### PROBLEM TO WORK ON
All lines from the top of the records below through the line holding "Red sports shoes on white background", and only those, should be printed exactly, minus the pictures.
DATA RECORDS: Begin
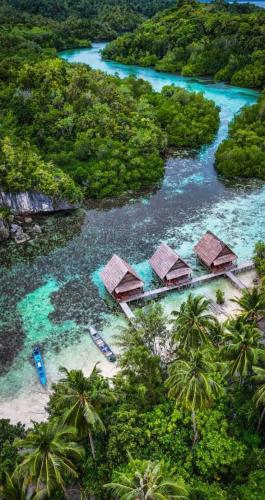 an aerial view of a resort on a tropical island at Beser Bay Homestay in Besir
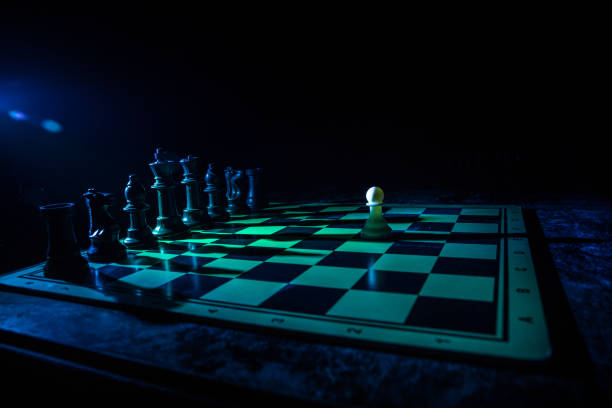 istock Chess figures on a dark background with smoke and fog. Selective focus 1215510956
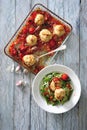 Oven baked meat balls with tomato sauce served with fresh zucchini salad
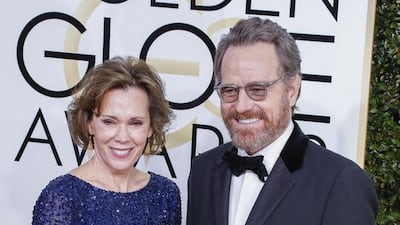 Robin Dearden, left, and Bryan Cranston arrive for the 74th annual Golden Globe Awards ceremony. Paul Buck / EPA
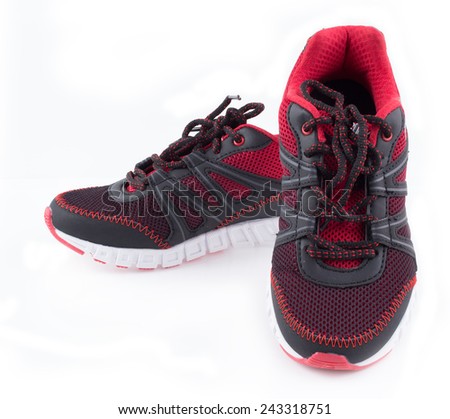 Red sports shoes on white background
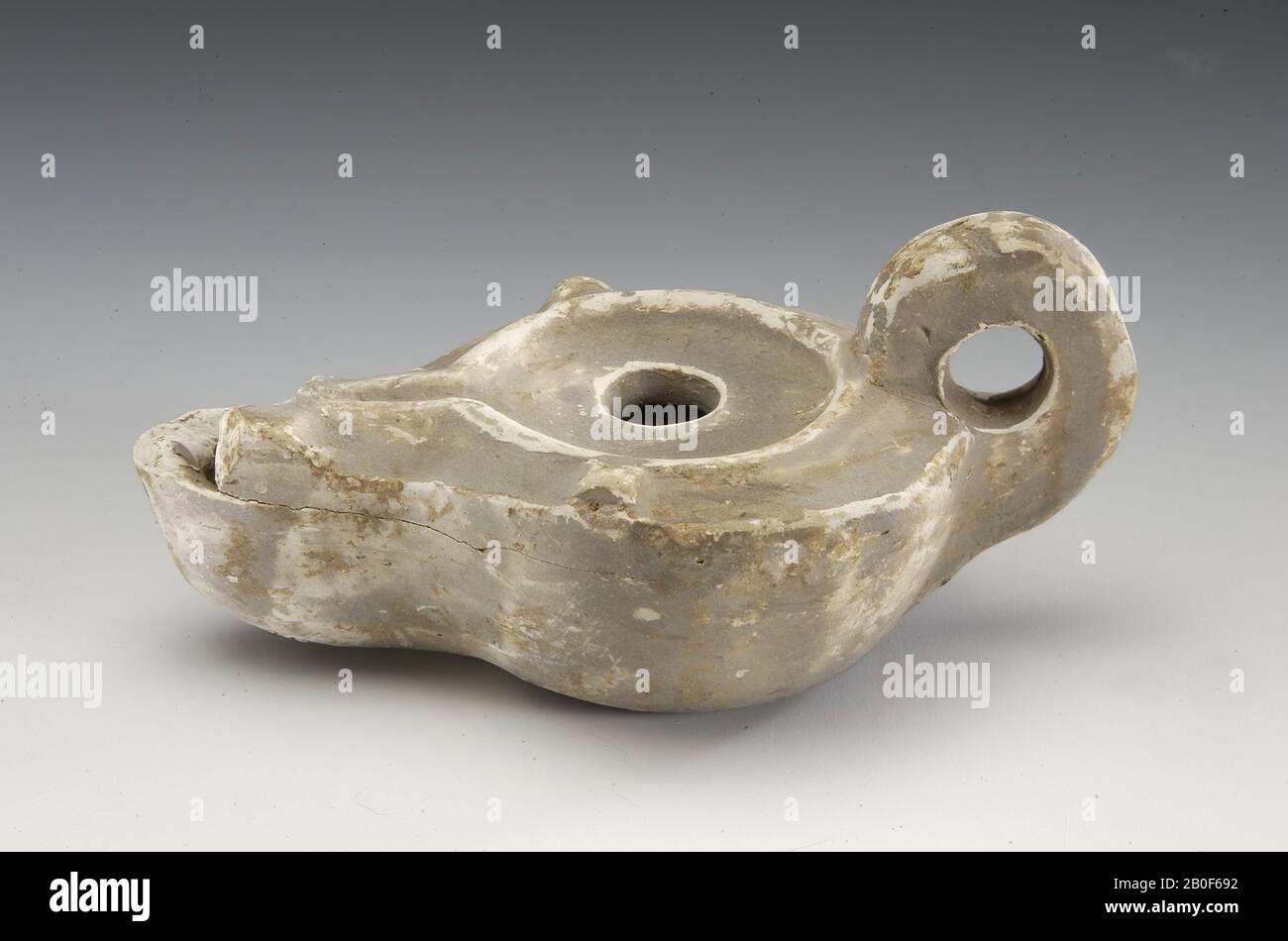 Lampada di terracotta, Loeschcke tipo X, con engem Kanal (255 (67)). Parte superiore tuit danneggiata. Senza anello di supporto, colorato in grigio. Sotto il fondo molto vagamente un timbro. Al centro forse una lettera o, tutti insieme solo 3 lettere. Wrsch. QGC, Leibundgut Taff. 13, 909. Nessuna traccia d'uso, nessuna traccia d'incendio., lampada ad olio, ceramica, h: 7 cm, roman 100-200 ad, Olanda, Limburgo, Heerlen, Heerlen Foto Stock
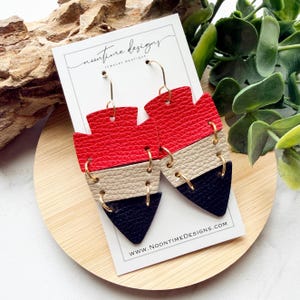 May include: A pair of layered dangle earrings featuring three stacked geometric shapes in red, beige, and black textured material. The pieces are connected by gold-tone metal jump rings and hang from gold-tone hooks on a white display card with the text Noontime Designs Jewelry Boutique and WWW.NOONTIMEDESIGNS.COM.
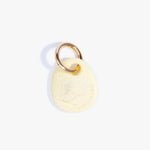 Dinosaur Designs Earth Keyring in Lemon — handcrafted marbled pastel yellow resin pebble bead on a polished brass jump ring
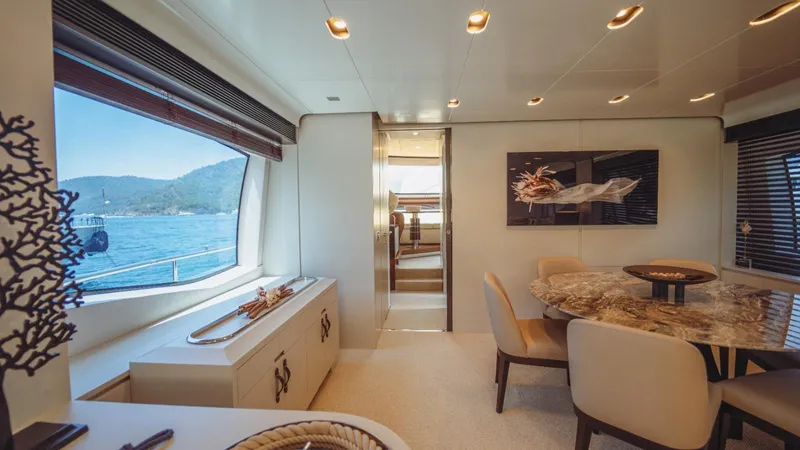  Yacht Photos Pics Luxurious interior of 2013 Azimut 84 yacht with elegant dining area and scenic ocean view.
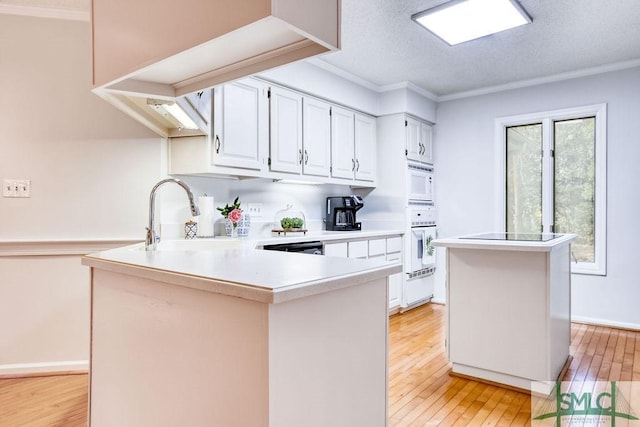 kitchen with a kitchen island, white cabinetry, sink, ornamental molding, and white appliances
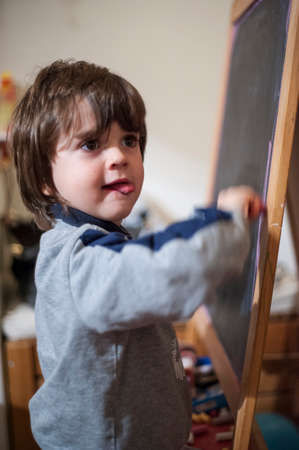 5-year-old boy writes on a blackboard in his home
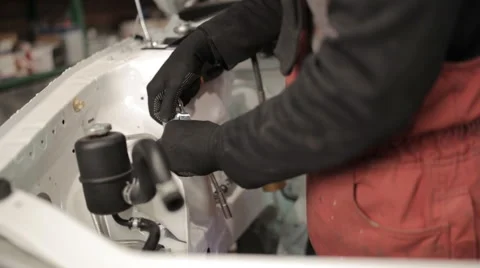 Mechanic in red overalls assembles the car, hands close-up Stock Footage 58135036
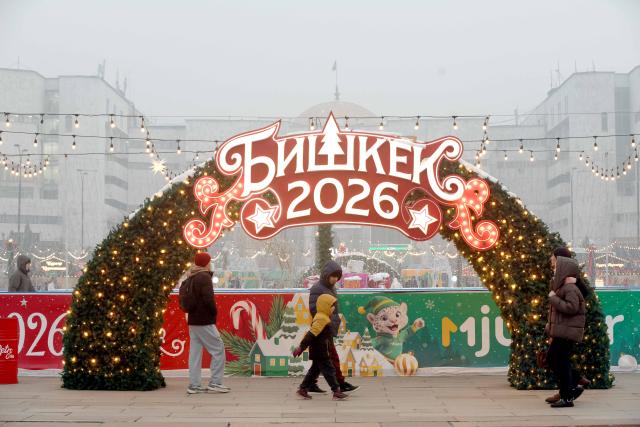 (251224) -- BISHKEK, Dec. 24, 2025 (Xinhua) -- People walk past New Year decorations at the Ala-Too Square in Bishkek, Kyrgyzstan, Dec. 23, 2025. (Photo by Roman/Xinhua)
DATA RECORDS: End
### ANSWER TO THIS TASK
 an aerial view of a resort on a tropical island at Beser Bay Homestay in Besir
 istock Chess figures on a dark background with smoke and fog. Selective focus 1215510956
 Oven baked meat balls with tomato sauce served with fresh zucchini salad
 Robin Dearden, left, and Bryan Cranston arrive for the 74th annual Golden Globe Awards ceremony. Paul Buck / EPA
 Red sports shoes on white background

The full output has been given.